# Added A Bristlenose Pleco With My Betta



## MarcusTheGreat (Dec 4, 2011)

i just came back from the pet store and picked up a baby Bristlenose Pleco lol thought it would be a nice touch to my tank =)


----------



## MarcusTheGreat (Dec 4, 2011)

and i would also appreciate if someone would tell me a little info about them because i don't know much about them 

most important how do i feed them


----------



## hedgehog (Sep 1, 2010)

What size tank do you have? They shouldn't be kept in tanks under 10 gallons. They get to be 3-5 inches. They eat sinking foods like algae wafers--Omega One is a good brand with lots of quality ingredients.


----------



## MarcusTheGreat (Dec 4, 2011)

hedgehog said:


> What size tank do you have? They shouldn't be kept in tanks under 10 gallons. They get to be 3-5 inches.
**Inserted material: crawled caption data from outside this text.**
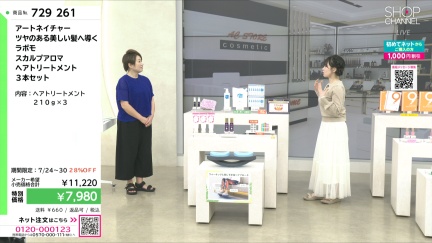 商品動画を見る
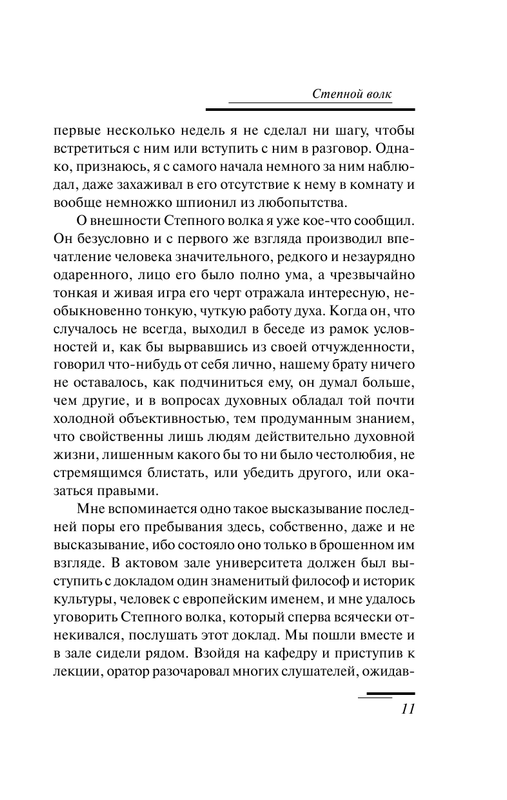 AST000000000041131-11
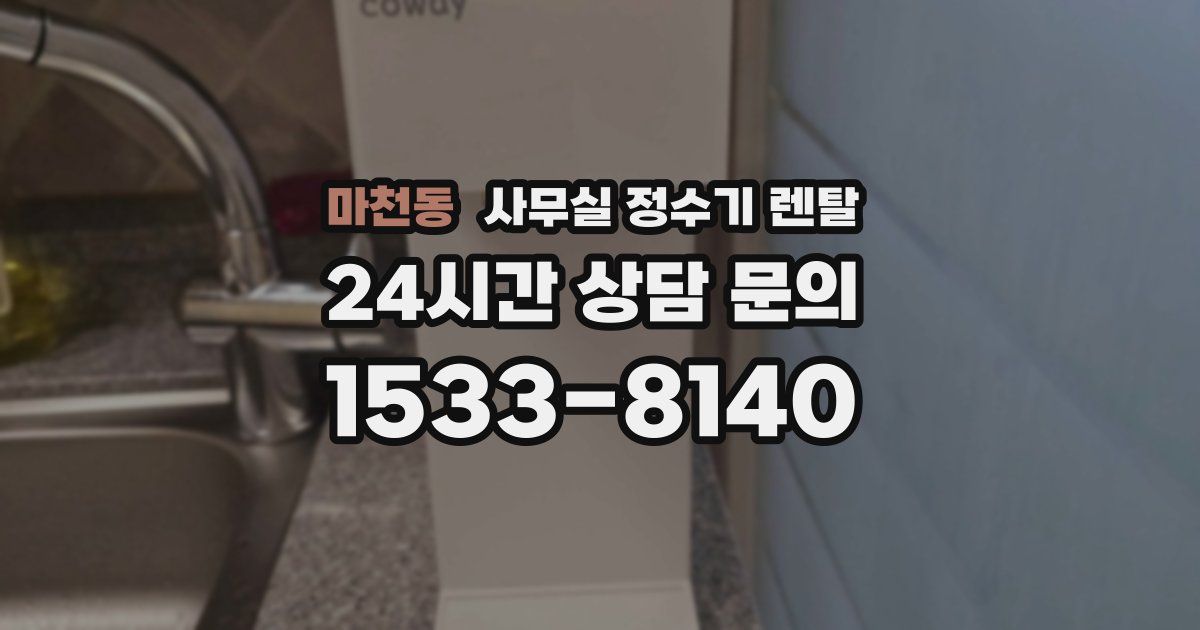 마천동 사무실 정수기 렌탈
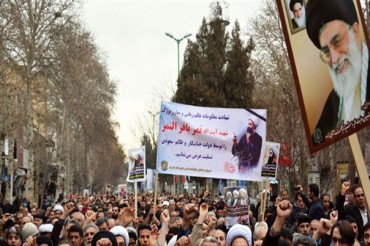 Iran:manifestazioni in ricordo delle vittime di Mina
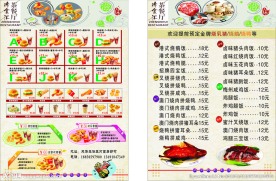 港式茶餐厅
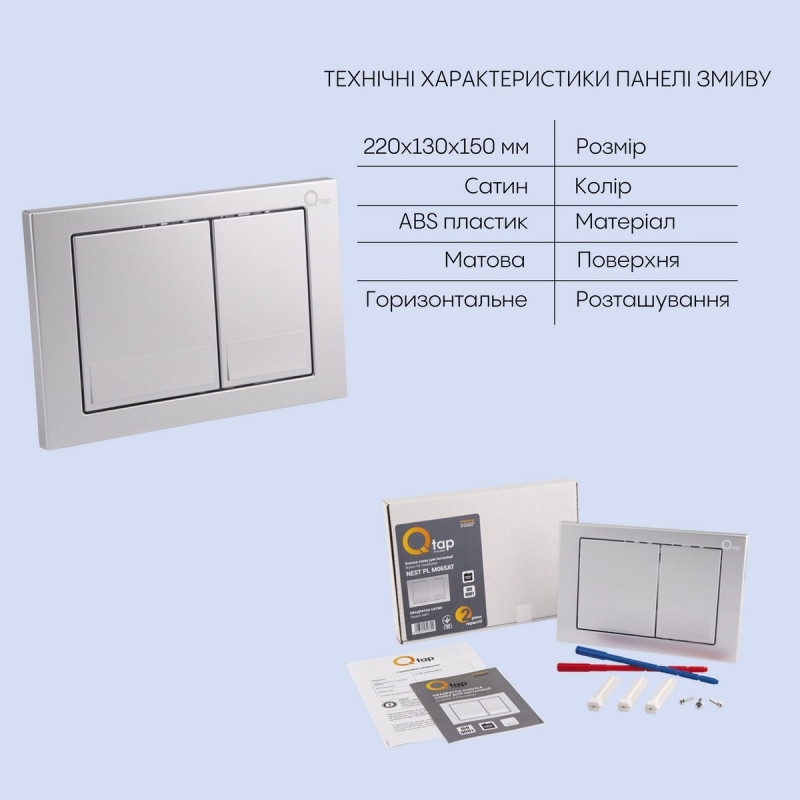 Готове рішення Qtap для ванної кімнати: підвісний унітаз Crow Rimless 520х360х290 + комплект інсталяції Nest 4 в 1 (квадратна клавіша Satin)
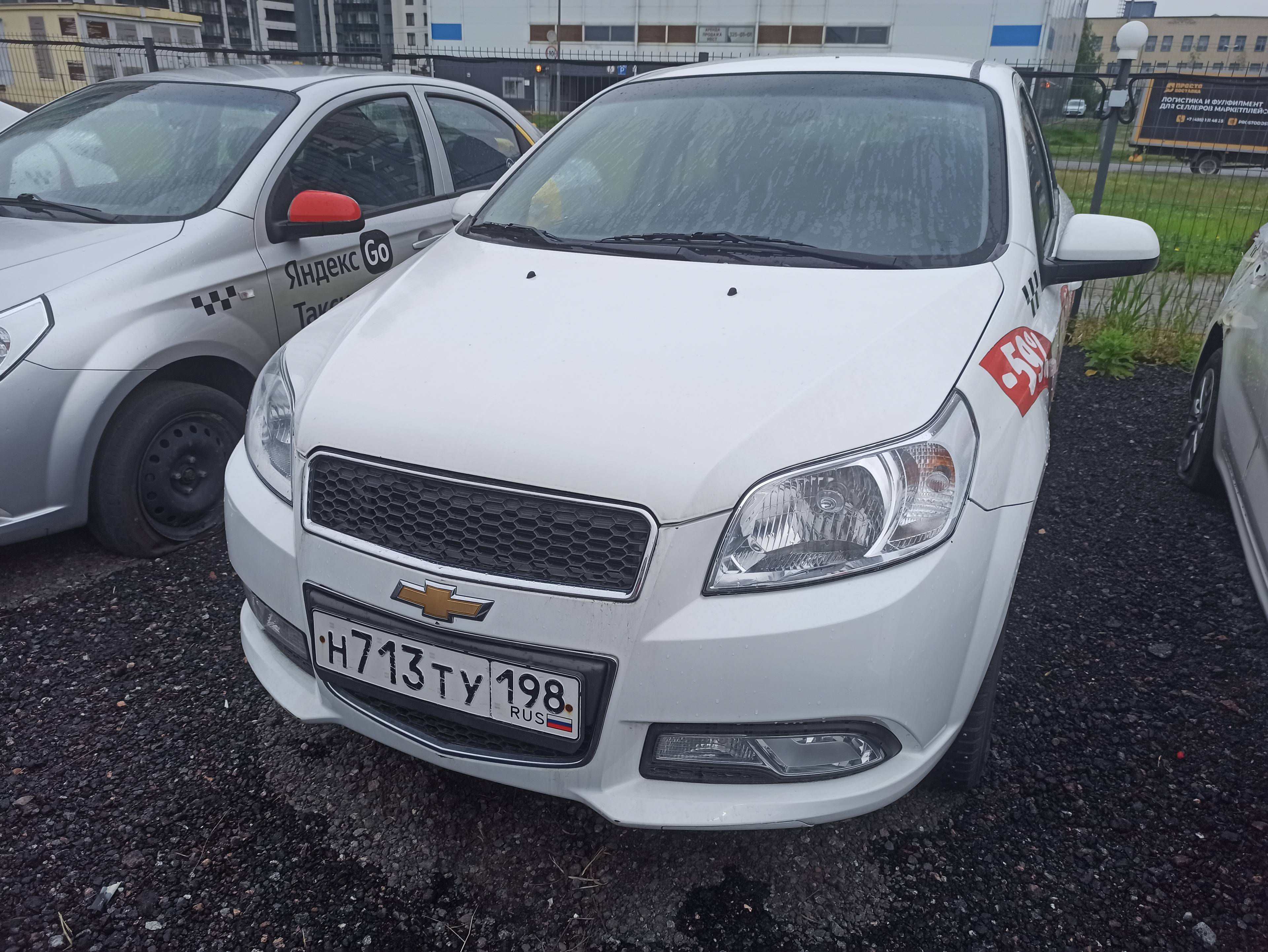 Chevrolet Nexia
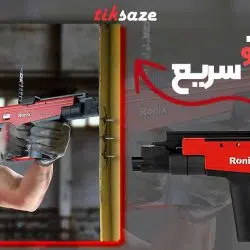 تصویر کاربرد تفنگ میخکوب دستی رونیکس RONIX-RH 0450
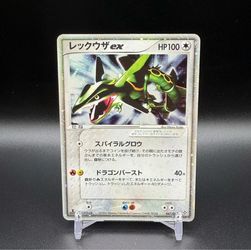 Japanese Rayquaza Ex 2003
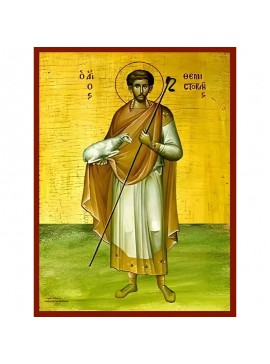 Εικόνα Ορθοδοξίας με περίγραμμα χρυσό σε ξύλο Φλαμουρίας  με  βάση Εικόνα ΑΓΙΟΣ ΘΕΜΙΣΤΟΚΛΗΣ, ΜΑΡΤΥΣ, ΜΥΡΩΝ ΛΥΚΙΑΣ, ΟΛΟΣΩΜΟΣ Χειροποίητη Ελληνορθόδοξη εικόνα του Ιησού Χριστού, Κρεμαστή πλάκα βυζαντινής τέχνης, χριστιανική τέχνη Διάσταση 40x30 cm (10,2x7,9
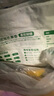小天（JOPREE）平板支架床頭ipad支架多功能懶人支架床上用可折疊旋轉學(xué)習網(wǎng)課追劇自拍神器 曬單實(shí)拍圖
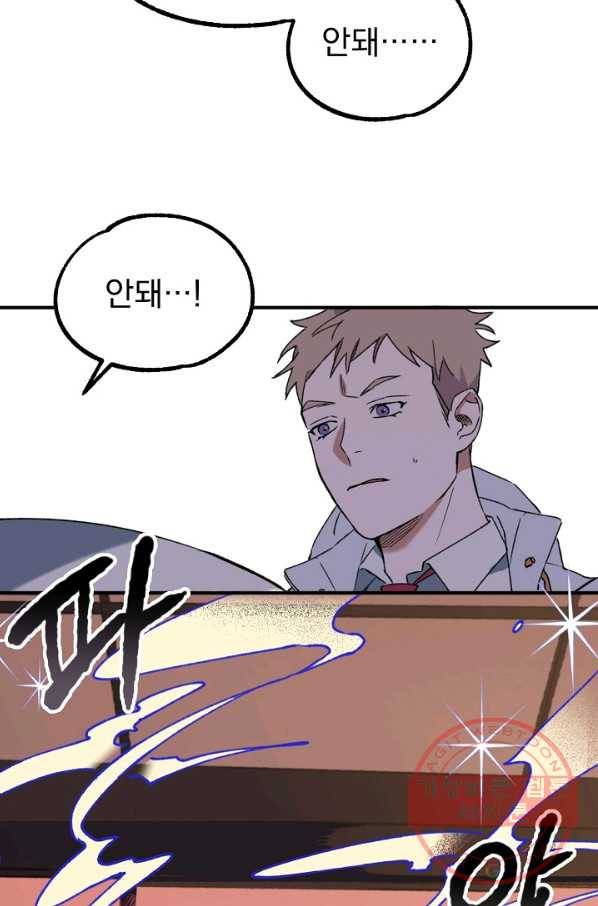 지상최강고3히어로 10화 33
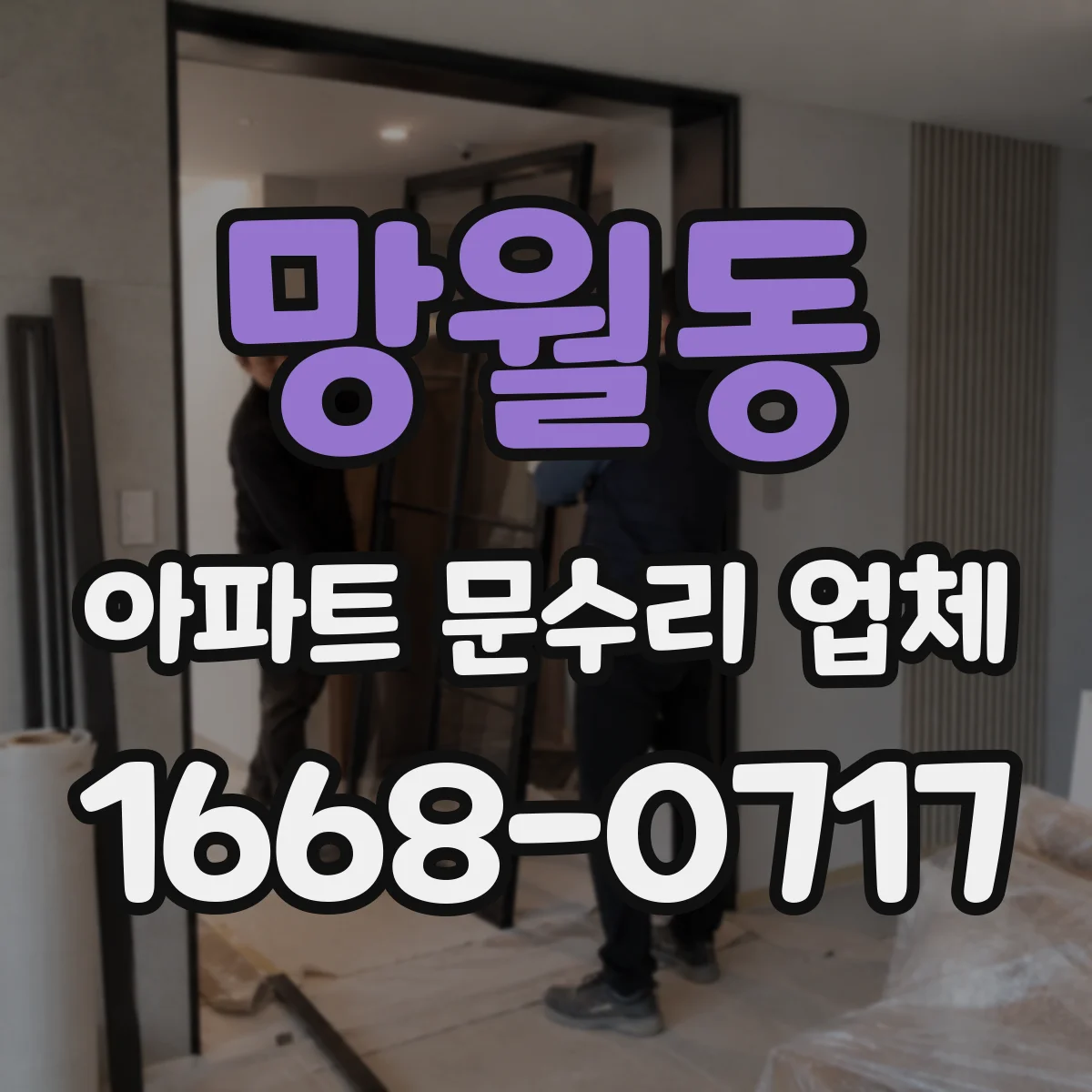 망월동 아파트 문수리 업체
They eat sinking foods like algae wafers--Omega One is a good brand with lots of quality ingredients.


i have a 10g tank


----------



## hedgehog (Sep 1, 2010)

Good to hear. The tropical fish keeping fish profiles are a good place to start researching: http://www.tropicalfishkeeping.com/profiles/bristlenose-pleco/


----------



## MarcusTheGreat (Dec 4, 2011)

here is a picture


http://www.bettafish.com/attachment.php?attachmentid=45462&stc=1&d=1326250390


----------



## Pitluvs (Jun 22, 2011)

I personally wouldn't keep them in tanks under 20g, 30g being better. These have an average size of 4-6in, Clown Plecos are the smaller ones. Don't worry though, pet stores never know what Plecos should be in, just like Bettas 

Remember to pick up fresh veggies and algae wafers for your new pet


----------



## thekoimaiden (Oct 19, 2011)

Plecos enjoy having driftwood to chew on. It helps with digestion. While they can survive on algae wafers they really need green in their diets. Cut zucchini is a good treat.


----------



## MarcusTheGreat (Dec 4, 2011)

iv herd they like to eat stuff like broccoli lettuce sticks and stuff but is it ok to drop a piece of broccoli in my tank that has my betta and tetras ?


----------



## Bombalurina (Oct 10, 2011)

If you have tetras and a betta, I suspect the pleco has probably overstocked your tank. I'd do an extra water change a week to make up for it. 

Your tetras may try to nibble the vegetables, your betta will most likely ignore it. It won't harm either of them as long as you remove the veges after 24 hours.


----------